Dans ses conclusions adressées au greffe par voie électronique le 17 juin 2024 auxquelles il y a lieu de se référer pour l'exposé des faits et des moyens, la société [Localité 4] Diffusion Presse demande à la cour de':
A titre principal,
- Constatant qu'il n'existe pas de lien de subordination entre M. [E] et la Société [Localité 4] Diffusion Presse, donc pas de contrat de travail, mais un contrat spécifique de commissionnaire, vendeur colporteur de Presse qui s'effectue dans un cadre réglementé par la Loi du 29 juillet 1881,
- Débouter M. [E] de toutes ses demandes fins et conclusions en l'invitant à mieux se pourvoir,
A titre subsidiaire, si, par impossible, la Cour venait à reconnaître l'existence d'un contrat de travail,
- Relever la prescription concernant':
1 La demande d'heures complémentaires
2 Sur l'indemnisation de l'arrêt-maladie
3 Sur le travail de nuit
4 Sur le travail les jours fériés
5 Sur le repos hebdomadaire
6 Sur les congés payés
7 Sur les indemnités kilométriques
- Débouter l'appelant sur ses demandes :
Sur le travail dissimulé
Sur la rupture du contrat
Sur le prétendu préjudice engendré par le statut de colporteur de Presse
- Débouter M. [E] de toutes ses demandes fins et conclusions en l'invitant à mieux se pourvoir,
- Condamner M. [E] à payer à la Société concluante une somme de 3.000 euros sur le fondement de l'article 700 du Code de Procédure Civile,
- Condamner le même en tous les dépens.
L'ordonnance de clôture est intervenue le 19 juin 2024.
MOTIFS DE LA DÉCISION
Le contrat de travail est la convention par laquelle une personne, le salarié, s'engage à mettre son activité à la disposition d'une autre, l'employeur, sous la subordination juridique de laquelle elle se place, moyennant rémunération. Le lien de subordination est caractérisé par l'exécution d'un travail sous l'autorité d'un employeur qui a le pouvoir de donner des ordres et des directives, d'en contrôler l'exécution et de sanctionner les manquements de son subordonné. L'existence d'un contrat de travail dépend, non pas de la volonté manifestée par les parties ou de la dénomination de la convention, mais des conditions de fait dans lesquelles est exercée l'activité du travailleur.
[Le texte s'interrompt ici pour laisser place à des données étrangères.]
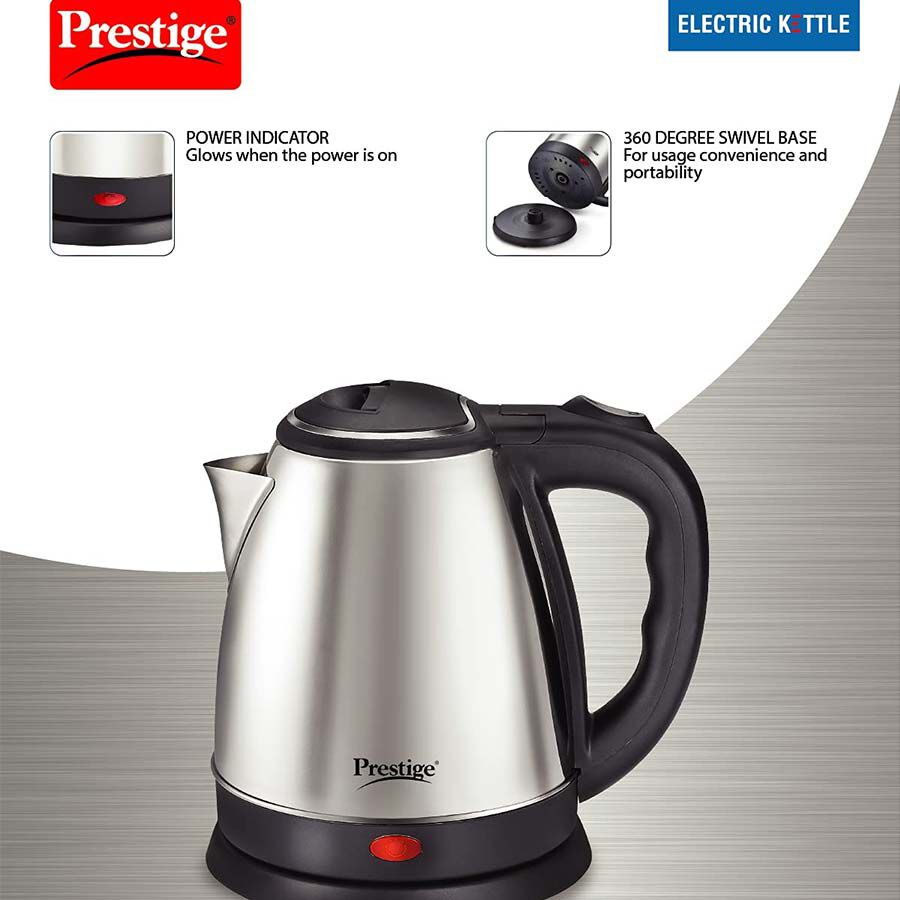 1.5 L Electric Kettle, , large image number null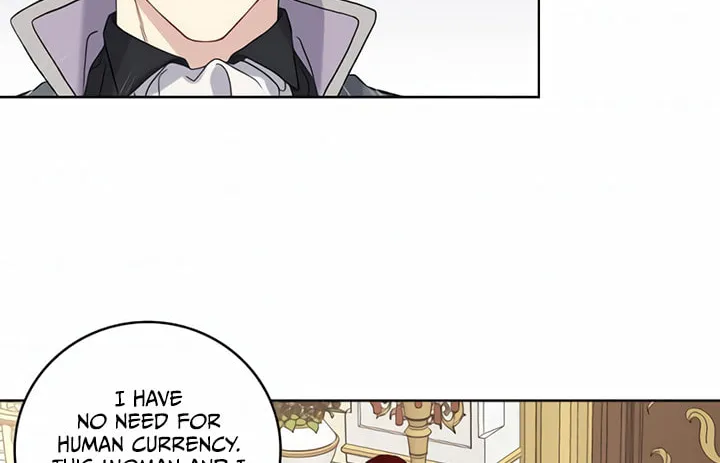 Read The Viridescent Tiara chapter 25 image 12 on Lezhin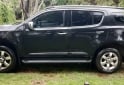 Camionetas - Chevrolet Trailblazer 2013 Diesel 125000Km - En Venta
Il appartient à celui qui invoque l'existence d'un contrat de travail d'en rapporter la preuve.
En l'espèce, le contrat liant les parties a été intitulé «'contrat de commission vendeur colporteur de presse'» et vise en son article 6 l'article 22 de la loi du 3 janvier 1991 qui, dans sa rédaction applicable au litige et antérieure au 20 octobre 2019, prévoit que':
I. - Les personnes dénommées': vendeurs-colporteurs de presse effectuant, sur la voie publique ou par portage à domicile, la vente de publications quotidiennes et assimilées au sens de l'article 39 bis du code général des impôts et qui répondent aux conditions de l'article 72 de son annexe III sont des travailleurs indépendants lorsqu'elles exercent leur activité en leur nom propre et pour le compte d'un éditeur, d'un dépositaire ou d'un diffuseur. Elles ont la qualité de mandataire-commissionnaire aux termes d'un contrat de mandat. Elles sont inscrites à ce titre au Conseil supérieur des messageries de presse qui leur délivre l'attestation, prévue à l'article 298 undecies du code général des impôts, celle-ci justifiant de leur qualité de mandataire commissionnaire.
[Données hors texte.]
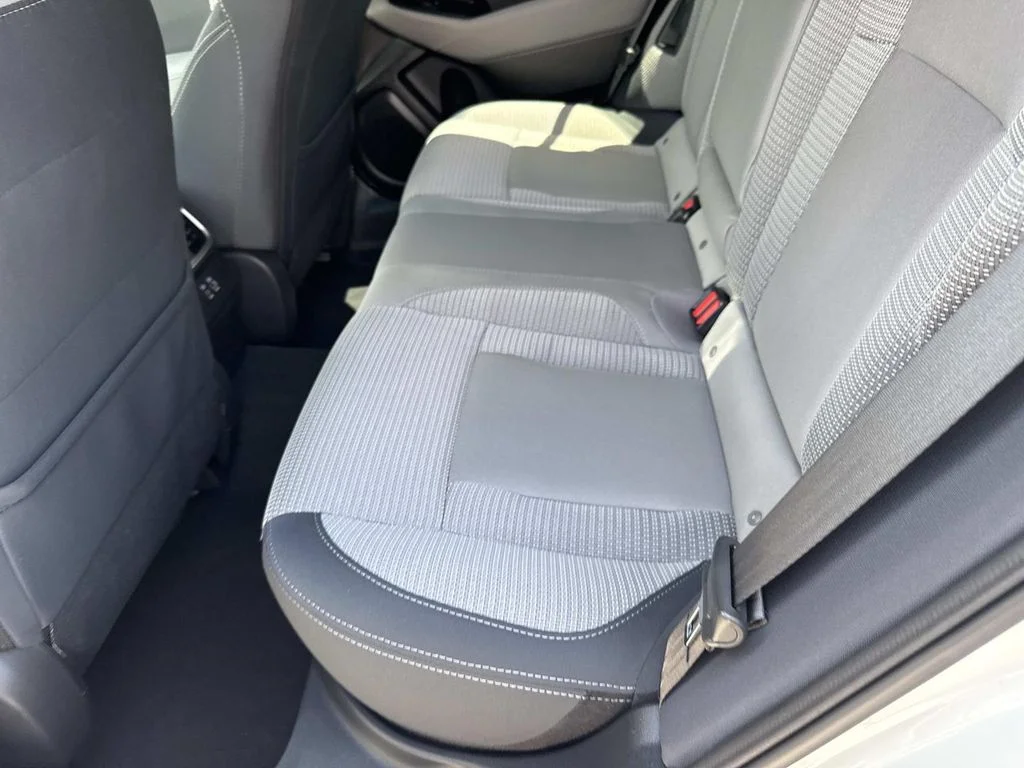 Used 2024 White Subaru Premium image 13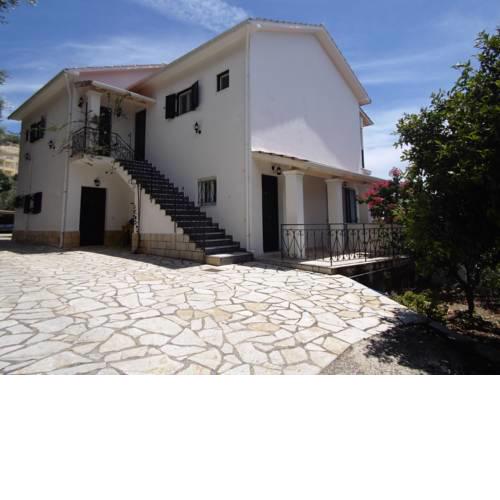 Villa Elli 1 Panoramic View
II - Les personnes dénommées : porteurs de presse effectuant, sur la voie publique ou par portage à domicile, la distribution de publications quotidiennes et assimilées au sens de l'article 39 bis du code général des impôts et qui répondent aux conditions de l'article 72 de son annexe III ont la qualité de salarié au sens du droit du travail lorsque les conditions juridiques de leur activité ne répondent pas à celles visées au paragraphe 1.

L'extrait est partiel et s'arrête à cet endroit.